Catalysts for Pasofino's Growth and Value Creation
CEO Brett Richards has highlighted that the company's share price is undervalued relative to similar development-stage gold projects. While Pasofino's shares trade between US$0.57 and US$0.59, the company has received non-binding offers exceeding US$75 million, or approximately US$0.90 per share. According to the company, recent developments suggest strong interest from multiple counterparties conducting due diligence and site visits, positioning the Dugbe Gold Project as a highly attractive acquisition target.
According to Technical Analyst Clive Maund Pasofino's shares are "trading at approximately a 40% discount to what a transaction could deliver soon in terms of value to shareholders," with potential offers reaching CA$100 million (approximately US$75 million).
Also, West Africa's gold sector has experienced heightened M&A activity, particularly from Chinese entities that favor large-scale projects like Dugbe.
The company recently declined an exclusive offer to pursue a more competitive binding proposal, underscoring the high level of interest in the project.
Exploration potential remains a key growth driver for the company.

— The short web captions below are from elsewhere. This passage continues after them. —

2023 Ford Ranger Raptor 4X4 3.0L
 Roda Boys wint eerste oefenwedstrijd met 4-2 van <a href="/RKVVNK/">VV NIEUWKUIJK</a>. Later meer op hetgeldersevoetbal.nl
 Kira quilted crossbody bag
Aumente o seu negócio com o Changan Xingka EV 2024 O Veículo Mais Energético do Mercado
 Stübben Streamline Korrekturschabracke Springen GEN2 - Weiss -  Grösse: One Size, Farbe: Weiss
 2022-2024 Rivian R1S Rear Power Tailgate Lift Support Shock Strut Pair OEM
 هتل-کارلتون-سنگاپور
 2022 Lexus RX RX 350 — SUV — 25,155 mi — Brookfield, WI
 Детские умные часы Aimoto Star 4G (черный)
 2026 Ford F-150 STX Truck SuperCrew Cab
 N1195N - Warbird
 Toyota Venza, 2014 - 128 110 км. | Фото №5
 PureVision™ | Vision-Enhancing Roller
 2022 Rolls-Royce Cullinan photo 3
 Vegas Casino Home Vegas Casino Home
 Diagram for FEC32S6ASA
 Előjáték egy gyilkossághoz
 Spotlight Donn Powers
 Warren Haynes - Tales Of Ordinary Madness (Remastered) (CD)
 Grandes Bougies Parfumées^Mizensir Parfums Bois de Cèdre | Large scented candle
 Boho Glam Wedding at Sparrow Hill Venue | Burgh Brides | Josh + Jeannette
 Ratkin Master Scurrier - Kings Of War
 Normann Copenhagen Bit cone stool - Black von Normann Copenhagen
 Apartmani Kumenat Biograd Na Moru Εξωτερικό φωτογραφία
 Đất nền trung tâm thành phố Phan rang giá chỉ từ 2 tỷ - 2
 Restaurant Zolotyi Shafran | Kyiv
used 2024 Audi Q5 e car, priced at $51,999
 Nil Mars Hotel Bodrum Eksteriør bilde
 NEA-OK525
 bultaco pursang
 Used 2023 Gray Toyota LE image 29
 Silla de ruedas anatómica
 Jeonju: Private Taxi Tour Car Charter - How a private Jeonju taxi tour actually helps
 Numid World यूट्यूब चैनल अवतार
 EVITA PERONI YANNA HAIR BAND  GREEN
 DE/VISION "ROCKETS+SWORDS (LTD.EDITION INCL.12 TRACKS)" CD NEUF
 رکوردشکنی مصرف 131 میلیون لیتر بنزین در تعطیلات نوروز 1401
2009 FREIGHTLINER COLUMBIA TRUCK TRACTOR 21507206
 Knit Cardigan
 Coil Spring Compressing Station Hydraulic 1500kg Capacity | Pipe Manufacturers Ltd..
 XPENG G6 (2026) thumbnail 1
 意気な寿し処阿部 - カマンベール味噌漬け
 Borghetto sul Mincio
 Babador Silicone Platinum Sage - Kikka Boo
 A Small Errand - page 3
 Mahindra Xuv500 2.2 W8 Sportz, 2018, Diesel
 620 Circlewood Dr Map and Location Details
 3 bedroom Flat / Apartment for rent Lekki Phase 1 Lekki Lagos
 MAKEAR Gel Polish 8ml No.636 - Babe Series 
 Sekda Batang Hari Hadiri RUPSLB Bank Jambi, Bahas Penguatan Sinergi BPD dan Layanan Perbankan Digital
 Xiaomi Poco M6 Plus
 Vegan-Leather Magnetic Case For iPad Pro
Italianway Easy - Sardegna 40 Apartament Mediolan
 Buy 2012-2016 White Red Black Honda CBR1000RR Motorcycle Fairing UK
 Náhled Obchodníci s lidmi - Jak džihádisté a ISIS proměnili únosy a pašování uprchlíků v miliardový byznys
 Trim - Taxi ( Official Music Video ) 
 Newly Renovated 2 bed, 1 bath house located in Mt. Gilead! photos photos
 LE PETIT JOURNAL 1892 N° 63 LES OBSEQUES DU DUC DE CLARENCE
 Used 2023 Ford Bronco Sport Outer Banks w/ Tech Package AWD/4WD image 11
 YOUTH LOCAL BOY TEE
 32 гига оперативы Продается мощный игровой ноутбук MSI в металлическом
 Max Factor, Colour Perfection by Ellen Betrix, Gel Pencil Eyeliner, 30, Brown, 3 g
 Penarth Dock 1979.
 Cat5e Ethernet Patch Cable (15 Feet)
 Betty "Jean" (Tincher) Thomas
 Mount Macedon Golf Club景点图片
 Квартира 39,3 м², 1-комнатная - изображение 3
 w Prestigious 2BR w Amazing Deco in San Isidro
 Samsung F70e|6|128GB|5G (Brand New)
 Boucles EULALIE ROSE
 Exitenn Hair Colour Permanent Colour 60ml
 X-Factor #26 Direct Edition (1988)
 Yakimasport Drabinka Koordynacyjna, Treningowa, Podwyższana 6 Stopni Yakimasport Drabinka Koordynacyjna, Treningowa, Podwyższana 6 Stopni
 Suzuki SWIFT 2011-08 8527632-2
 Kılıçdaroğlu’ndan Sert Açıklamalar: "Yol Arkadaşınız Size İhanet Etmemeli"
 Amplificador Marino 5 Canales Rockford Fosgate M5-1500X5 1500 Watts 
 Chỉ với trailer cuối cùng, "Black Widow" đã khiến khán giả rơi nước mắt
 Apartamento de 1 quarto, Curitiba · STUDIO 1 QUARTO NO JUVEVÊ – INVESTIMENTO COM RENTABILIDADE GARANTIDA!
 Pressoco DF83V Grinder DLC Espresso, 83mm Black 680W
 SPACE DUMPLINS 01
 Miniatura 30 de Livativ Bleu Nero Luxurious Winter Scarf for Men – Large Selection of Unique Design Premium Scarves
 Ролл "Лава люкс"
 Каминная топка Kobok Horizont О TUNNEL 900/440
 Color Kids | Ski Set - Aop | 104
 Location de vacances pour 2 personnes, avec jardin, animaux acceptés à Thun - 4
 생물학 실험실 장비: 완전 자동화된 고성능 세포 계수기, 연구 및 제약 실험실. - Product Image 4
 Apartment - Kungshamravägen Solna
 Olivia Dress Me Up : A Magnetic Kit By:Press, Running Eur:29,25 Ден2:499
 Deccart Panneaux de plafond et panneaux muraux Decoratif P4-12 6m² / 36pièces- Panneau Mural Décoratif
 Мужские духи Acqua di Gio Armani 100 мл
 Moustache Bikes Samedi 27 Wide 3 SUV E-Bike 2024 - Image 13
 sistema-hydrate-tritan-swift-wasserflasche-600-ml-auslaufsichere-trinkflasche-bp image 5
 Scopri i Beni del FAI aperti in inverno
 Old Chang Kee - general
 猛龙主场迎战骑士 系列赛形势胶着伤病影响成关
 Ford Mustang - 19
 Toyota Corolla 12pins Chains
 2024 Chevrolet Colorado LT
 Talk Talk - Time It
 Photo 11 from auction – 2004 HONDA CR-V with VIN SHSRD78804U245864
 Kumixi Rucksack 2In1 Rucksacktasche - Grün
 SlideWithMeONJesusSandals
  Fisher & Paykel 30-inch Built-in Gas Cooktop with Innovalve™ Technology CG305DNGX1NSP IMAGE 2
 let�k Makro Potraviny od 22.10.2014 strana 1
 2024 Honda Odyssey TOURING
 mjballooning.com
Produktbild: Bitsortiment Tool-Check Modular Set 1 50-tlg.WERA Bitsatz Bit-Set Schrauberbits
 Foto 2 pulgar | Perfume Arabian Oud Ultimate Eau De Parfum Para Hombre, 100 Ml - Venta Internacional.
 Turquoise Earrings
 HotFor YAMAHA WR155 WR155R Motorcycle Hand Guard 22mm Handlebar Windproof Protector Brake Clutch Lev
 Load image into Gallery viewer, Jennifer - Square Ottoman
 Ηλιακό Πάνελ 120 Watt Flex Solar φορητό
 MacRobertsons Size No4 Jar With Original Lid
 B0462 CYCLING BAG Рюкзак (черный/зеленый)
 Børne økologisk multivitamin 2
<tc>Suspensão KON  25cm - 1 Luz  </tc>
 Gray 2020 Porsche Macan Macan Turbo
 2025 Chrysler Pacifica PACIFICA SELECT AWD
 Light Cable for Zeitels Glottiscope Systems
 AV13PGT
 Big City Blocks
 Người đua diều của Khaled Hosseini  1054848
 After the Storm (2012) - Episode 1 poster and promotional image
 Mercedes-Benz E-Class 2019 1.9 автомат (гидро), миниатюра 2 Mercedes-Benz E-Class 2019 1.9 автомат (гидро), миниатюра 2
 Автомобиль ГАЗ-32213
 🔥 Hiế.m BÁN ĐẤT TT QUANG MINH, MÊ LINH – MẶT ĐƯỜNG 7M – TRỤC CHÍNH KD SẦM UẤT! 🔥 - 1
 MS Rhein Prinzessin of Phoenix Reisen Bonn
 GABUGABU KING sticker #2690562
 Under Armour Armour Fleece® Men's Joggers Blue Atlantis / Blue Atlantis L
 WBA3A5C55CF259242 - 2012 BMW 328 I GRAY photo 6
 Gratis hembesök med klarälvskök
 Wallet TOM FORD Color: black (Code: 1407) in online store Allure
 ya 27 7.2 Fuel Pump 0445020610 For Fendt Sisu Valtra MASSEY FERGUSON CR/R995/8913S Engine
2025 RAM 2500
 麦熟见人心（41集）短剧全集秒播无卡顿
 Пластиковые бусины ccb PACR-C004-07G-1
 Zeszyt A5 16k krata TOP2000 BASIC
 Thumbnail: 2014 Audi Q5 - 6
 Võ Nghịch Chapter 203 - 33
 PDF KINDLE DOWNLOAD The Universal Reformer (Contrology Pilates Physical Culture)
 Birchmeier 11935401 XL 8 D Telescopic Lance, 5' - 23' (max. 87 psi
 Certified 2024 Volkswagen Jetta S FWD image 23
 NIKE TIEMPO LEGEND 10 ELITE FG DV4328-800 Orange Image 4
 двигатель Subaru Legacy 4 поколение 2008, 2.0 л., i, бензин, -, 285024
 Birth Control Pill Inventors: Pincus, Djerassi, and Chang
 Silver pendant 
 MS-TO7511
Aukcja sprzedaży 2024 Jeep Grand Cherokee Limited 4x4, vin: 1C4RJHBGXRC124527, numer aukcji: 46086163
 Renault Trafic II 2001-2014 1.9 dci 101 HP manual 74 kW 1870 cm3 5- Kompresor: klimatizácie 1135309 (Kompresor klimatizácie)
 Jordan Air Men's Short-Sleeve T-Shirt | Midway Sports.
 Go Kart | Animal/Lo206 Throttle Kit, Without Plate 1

The Dugbe deposits are open for expansion, with promising drill targets identified at Bukon Jedeh, Tuzon-Sackor Trend, and Nemo Creek South. Pasofino aims to convert inferred resources into reserves and explore high-grade zones that could enhance the overall resource base.
Operational optimization also presents opportunities to increase project value. Ongoing efforts to improve metallurgical recovery, reduce costs, and explore alternative energy solutions such as hydropower could significantly enhance the feasibility study's economic metrics. These initiatives align with Pasofino's broader strategy to unlock the project's full potential while maintaining high ESG standards.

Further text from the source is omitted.